Instructions to follow:
Strip out the pictures and output each remaining line of the data word for word.

Collected material:

────────

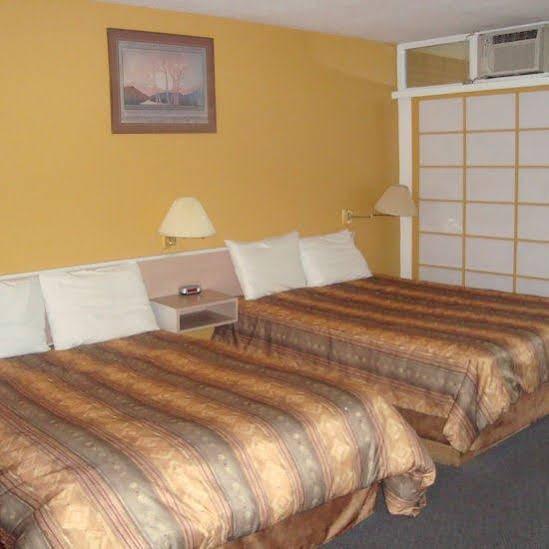 Tiki Village Motel 2*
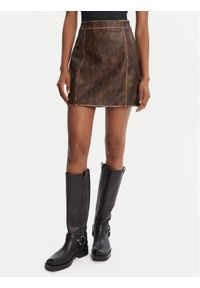 Guess Spódnica z imitacji skóry W5YD46 WHDI0 Brązowy Regular Fit. Kolor: brązowy. Materiał: skóra #1
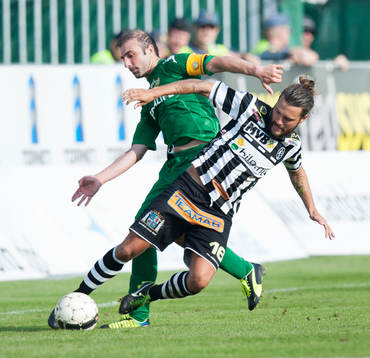 Patrik Åström, Landskrona och Kennedy Bikircioglu,
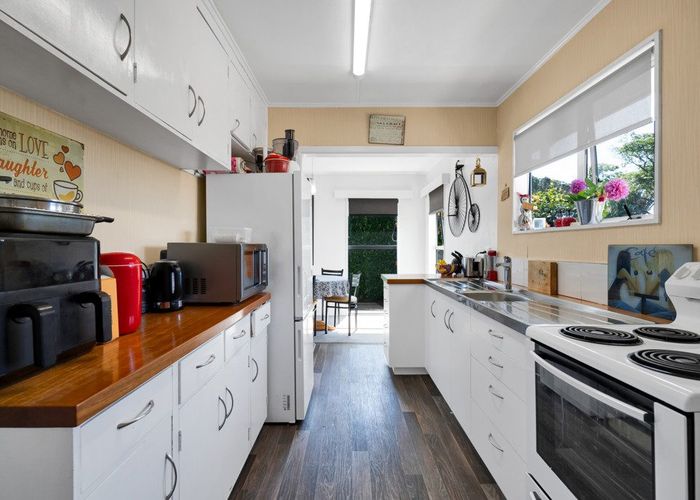  at 24 Glamis Avenue, Bell Block, New Plymouth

────────

Output for this task:
 Tiki Village Motel 2*
 Guess Spódnica z imitacji skóry W5YD46 WHDI0 Brązowy Regular Fit. Kolor: brązowy. Materiał: skóra #1
 Patrik Åström, Landskrona och Kennedy Bikircioglu,
  at 24 Glamis Avenue, Bell Block, New Plymouth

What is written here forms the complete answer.